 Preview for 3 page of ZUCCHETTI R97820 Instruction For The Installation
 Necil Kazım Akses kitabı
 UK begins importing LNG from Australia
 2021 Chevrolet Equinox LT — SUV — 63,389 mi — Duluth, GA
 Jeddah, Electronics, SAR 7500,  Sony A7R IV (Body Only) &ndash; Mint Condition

--------------------

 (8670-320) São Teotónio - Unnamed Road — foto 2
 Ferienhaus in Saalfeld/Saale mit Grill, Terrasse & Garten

--------------------

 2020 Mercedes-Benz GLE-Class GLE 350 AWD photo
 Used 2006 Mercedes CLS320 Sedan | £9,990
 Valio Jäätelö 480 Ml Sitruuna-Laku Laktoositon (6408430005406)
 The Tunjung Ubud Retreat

--------------------

§ BRIEF
Each line with "Mercedes" in it must be identified and copied from the material.

§ RESULT OF THIS EXERCISE
 2020 Mercedes-Benz GLE-Class GLE 350 AWD photo
 Used 2006 Mercedes CLS320 Sedan | £9,990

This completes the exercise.